Neu Delhi Das T-Shirt von Mganasui Horam leuchtet in einem grellen Orange, der Rock ist von satter Pfirsichfarbe, doch wenn sie die Kleidungsstücke am Abend auswäscht, färbt sich das Wasser schwarz. Den ganzen Tag lang setzen sich Rußpartikel in der Kleidung der 65 Jahre alten Inderin fest: wenn sie das Frühstück macht, das Mittagessen kocht oder das Abendessen zubereitet.

„Wir Frauen verbringen unser halbes Leben in der Küche und die andere Hälfte im Dschungel“, sagt sie. Horam lebt im üppig grünen Nordosten Indiens, in einem Dorf namens Mapao mit 150 Lehmhäusern. Das liegt – per Auto-Rikscha – zwar nur eine halbe Stunde von der Landeshauptstadt Imphal entfernt, doch dazwischen liegen Welten.

Horam gehört zum Stamm der Naga, der sich viel aus den umliegenden Wäldern ernährt. In ihren Töpfen köcheln Yamswurzeln, lange Bohnen, Kürbisse und Brauner Senf, und je nach Saison auch Käfer, Grashüpfer, Vögel und Affen.

Gekocht wird ausschließlich mit Holz – und darunter, sagt Horam, leide ihre Gesundheit. „Ich fühle mich oft schwach, meine Lunge ist nicht gut. Außerdem tun die Augen weh und sind trocken“, sagt sie. Doch habe sie keine Alternative: Der elektrische Schnellkochkopf, den ihre Tochter aus der Stadt mitgebracht hat, könne nur Reis kochen. Und einen Solarkocher oder einen Gas-Herd hat sie noch nie gesehen.

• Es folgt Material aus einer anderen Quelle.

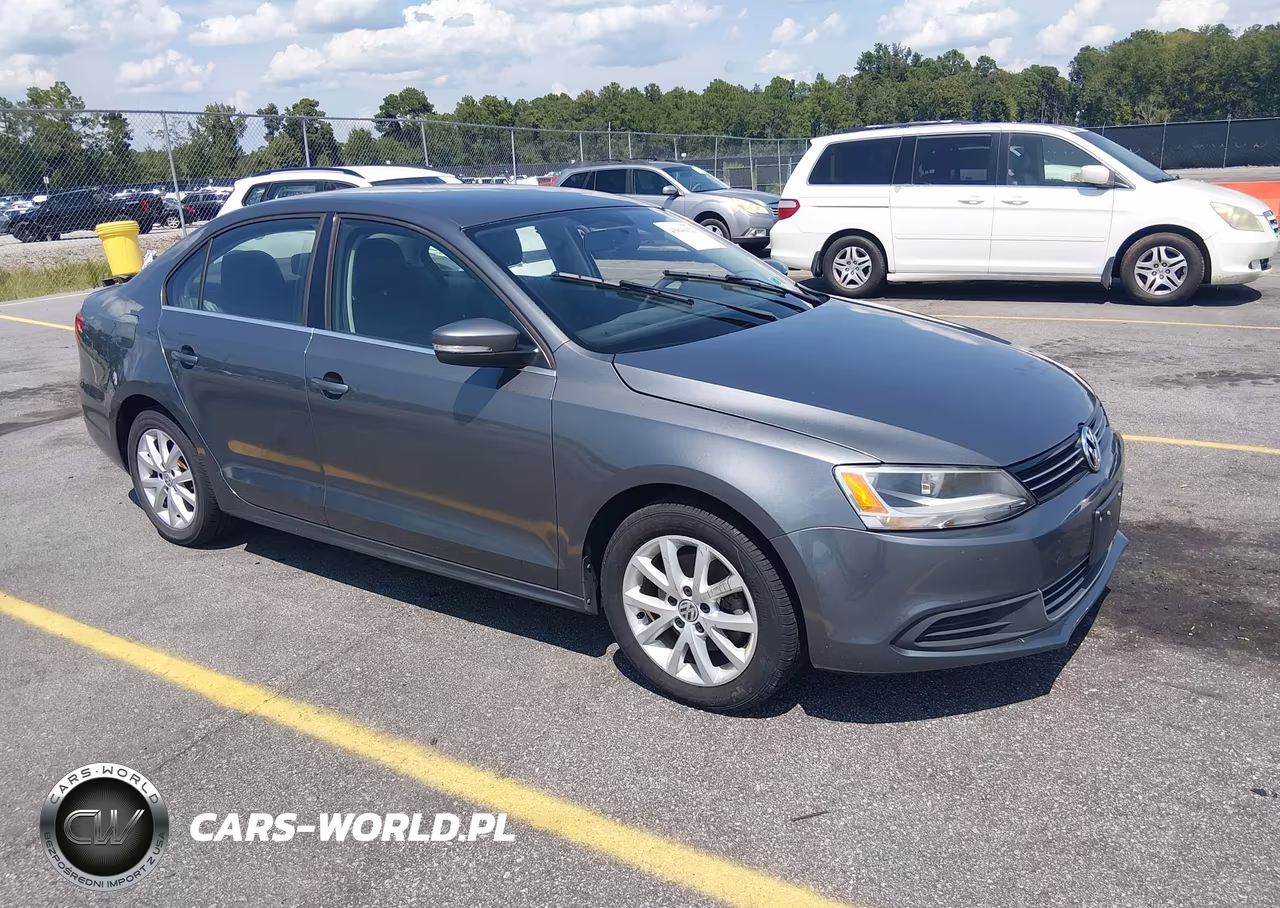 2013 Volkswagen Jetta 2.5L Se – zdjęcie 1 z 11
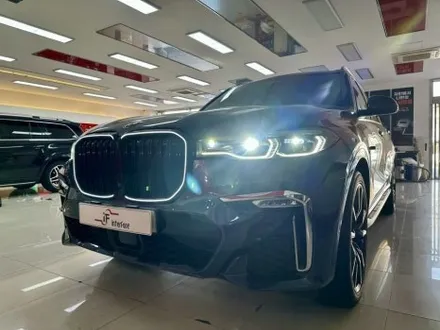 BMW X7 22년식 아이코닉 글로우 \'성능은 그래로 존재감은 다르다\' / 부산 남구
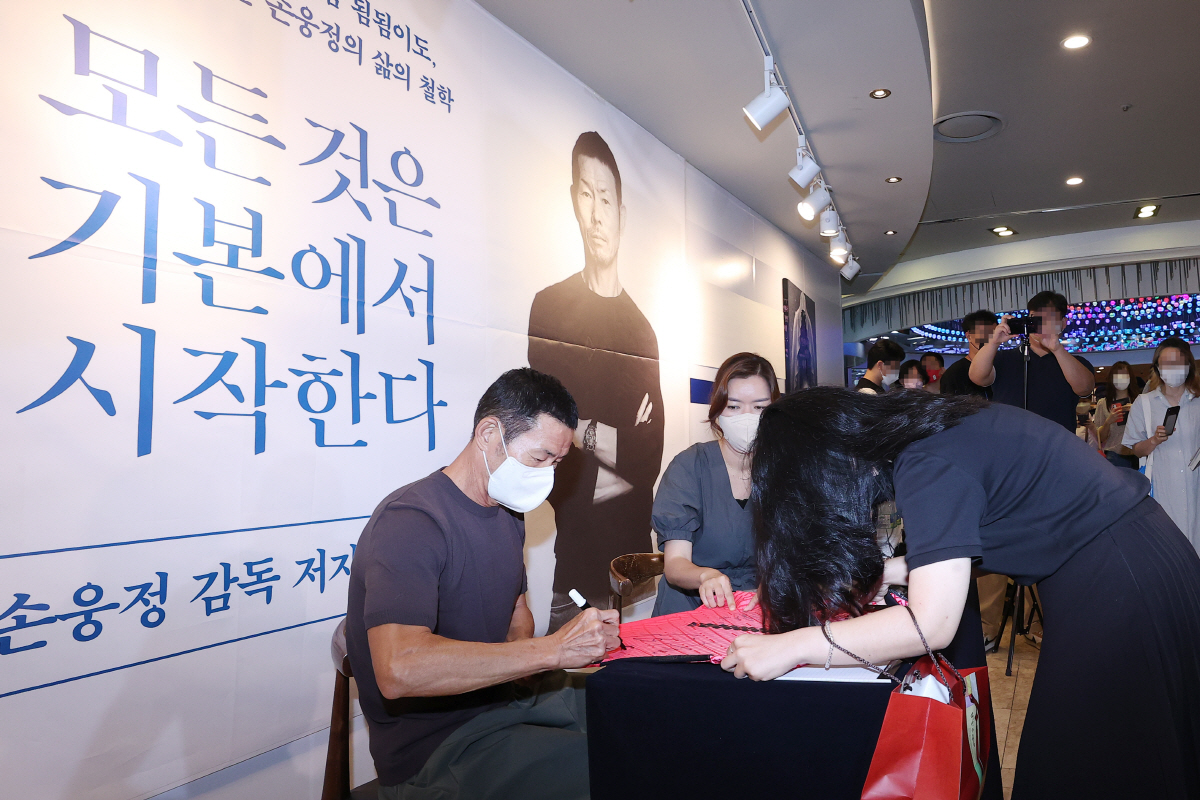 ▲손흥민 선수의 아버지인 손웅정 SON축구아카데미 감독이 7일 오전 서울 종로구 교보문고 광화문점에서 열린 저자 사인회에서 사인하고 있다.(연합뉴스)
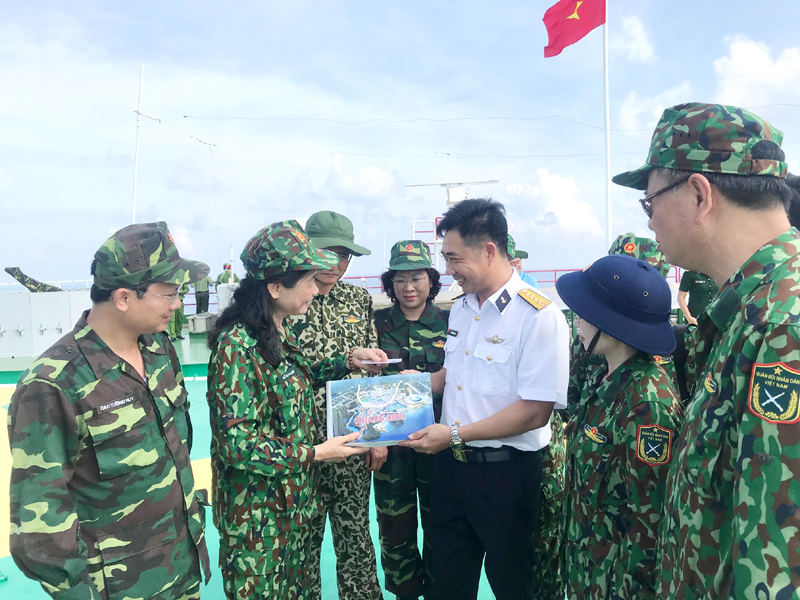 Đồng chí Đỗ Thị Hoàng Phó Bí thư Thường trực Tỉnh ủy Quảng Ninh tặng quà cho chiến sỹ người Quảng Ninh đang công tác trên Quần đảo Trường Sa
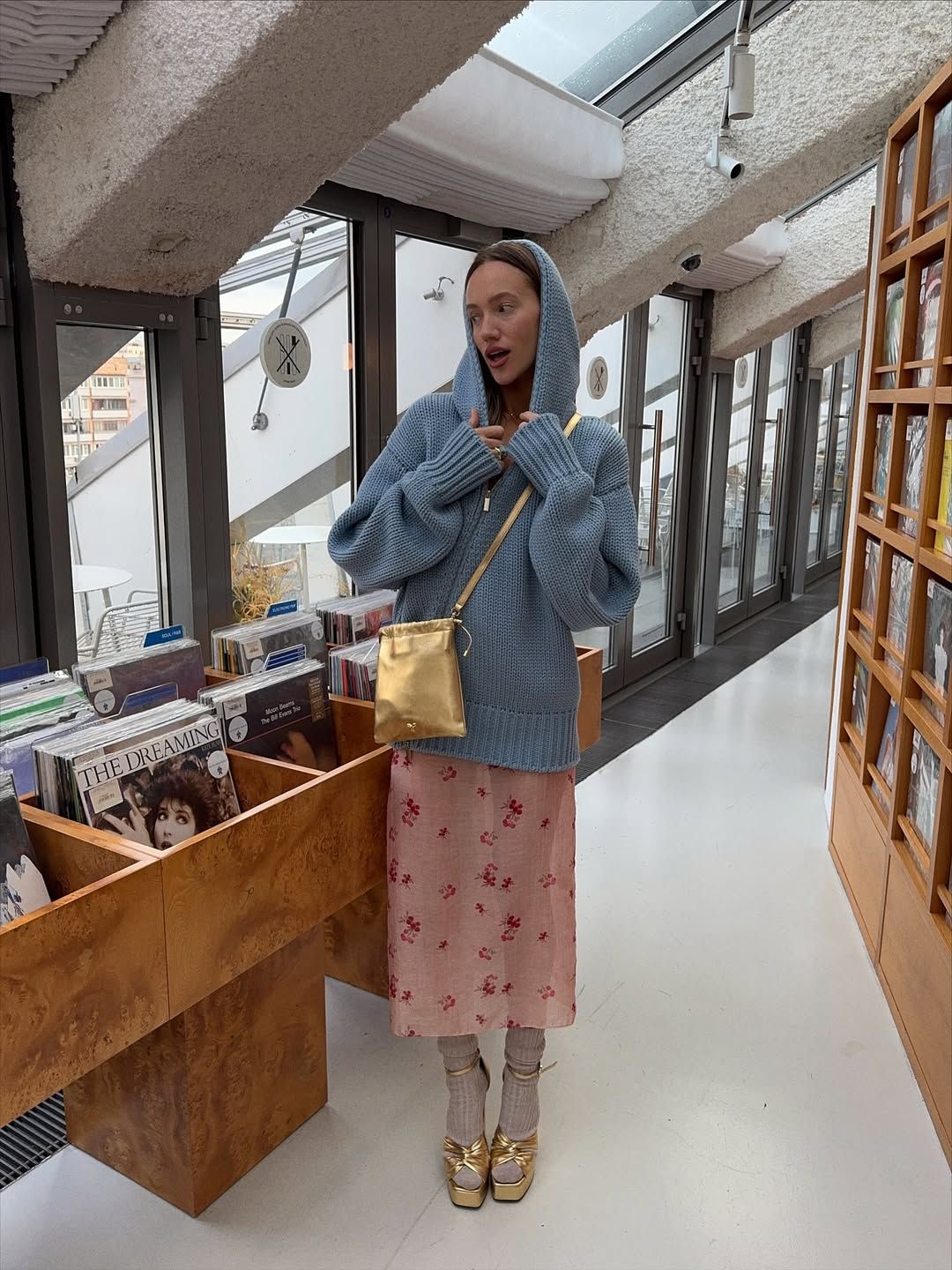 플라워 시스루 치마를 착용한 패션 인플루언서 크리스티나 코롭코 @kgamine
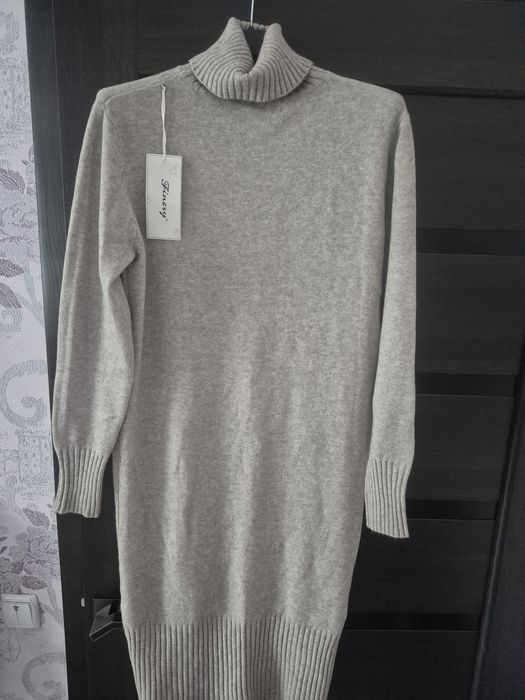 Продам нове плаття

Horam ist eine von Millionen von Frauen, die in Indien täglich im Rauch sitzen. Laut jüngsten Zensusdaten wird in 49 Prozent der indischen Haushalte mit Holz gekocht; oft werden dafür auch Ernteabfälle oder getrocknete Kuhfladen genutzt. Hinzu kommt, dass fast ein Drittel der Inder Lampen mit dem staatlich subventionierten Kerosin benutzt – alles Energieträger, bei deren Verbrennung die Luft gefährlich verschmutzt wird. Das kann zu Entzündungen der Atemwege, Herzproblemen und Lungenkrebs führen.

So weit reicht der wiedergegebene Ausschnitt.